There is probably no worse way to start your day than spending half an hour or more haggling over your balance with a conductor or trader, or having to leave your money to meet up with work. This is a regular occurrence for people who live in busy cities like Lagos, and this would often result in someone losing money to another.

Sanwopay is a Lagos-based startup looking to solve this problem by providing financial inclusion for transporters and traders. Its products are targeted at transforming payment systems among this group that has largely been left unattended in the financial system.

Samson Olubayo, Founder of Sanwopay was a guest on the Nairametrics Business Half Hour show where he shared insights on how the business is going to change the payment systems in the informal sector, taking it one place at a time.

“Sanwo is a Yoruba term meaning “to pay” and is a normal slang among the informal sector participants. Sanwopay started in November 2020, with a single location and has now grown to three locations within a space of ten months. The target was to help transporters and market women save, send and receive money instantly without having to worry about leaving their place of business.

“We started because of the need and my experience in Lagos streets with conductors. People get into unnecessary fights with transporters and petty traders over the issue of change. I discovered that these set of people only respond to cash payment and they are not concerned about any drive for a cashless society. They can get reactive when you suggest anything other than cash payments, and that is why we sought to look for a way to break into the space and include them in the financial ecosystem,” he explained.

To break into the space, Sanwopay started with a daily savings system that mirrored what the target market are already used to, but on an informal level. The daily savings (referred to as Ajo among the yoruba’s) is like a thrift collection system where individuals save a part of their daily earnings.

Their existing system where the traders and drivers had to worry about the thrift collector and what would be their fate if he or she runs away with their funds. Sanwopay came with a more secured system where these merchants are assured of the security and accessibility of their savings. To top it, Sanwopay placed a fixed charge of N150 monthly charge on the savings irrespective of the amount saved daily – a deal way better than what they had already. With these incentives, it did not take time for them to subscribe to the individual and group savings product.

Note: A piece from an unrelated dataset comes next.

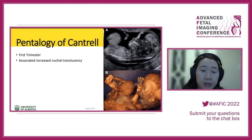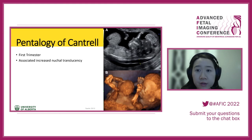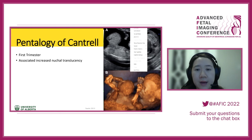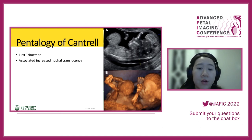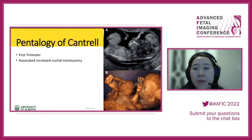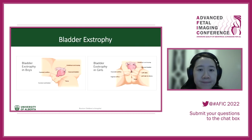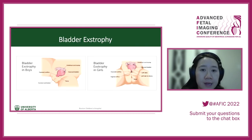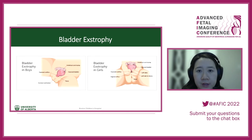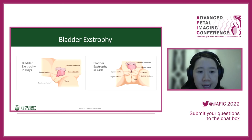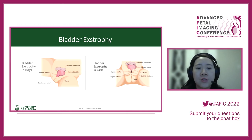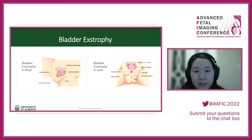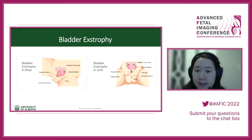In the first trimester, pentalogy can also be associated with increased nuchal translucency. When seeing an omphalocele with increased nuchal translucency, recognize there may be other abnormalities. Bladder exstrophy: in both male and female, essentially imagine your bladder is open to the outside world — that's the gist of what you're looking for.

There is also the added advantage of community service centres located in major garages and markets, so that they do not have to worry about having to go through long queues in the bank or cut through red tapes before they can access their funds. This creates a soft landing even for those that may not be as tech-savvy as the others. There are also soft loans and microcredit options for the merchants to access if they need to restock, or if the drivers need to service or fix their vehicles.

Having gotten them subscribed to a savings plan and a microcredit plan, it was easier to then get them to accept receiving payment into their Sanwopay account from customers and passengers since they know that they can access the funds almost immediately.

Sanwopay is currently onboarding more merchants, transporters and traders before its product will be rolled out fully to the public. “There would be no point getting such a product out to passengers and customers, if the people who will receive payments through the system are yet to accept it. We are onboarding these merchants and creating accounts which they will use to receive payments,” Olubayo explained.

Sanwopay now has presence in Iyana-ipaja, Isolo and Ikotun axis, and plans to spread out to other commercial areas like Oshodi, and Mile 12 before the end of the year.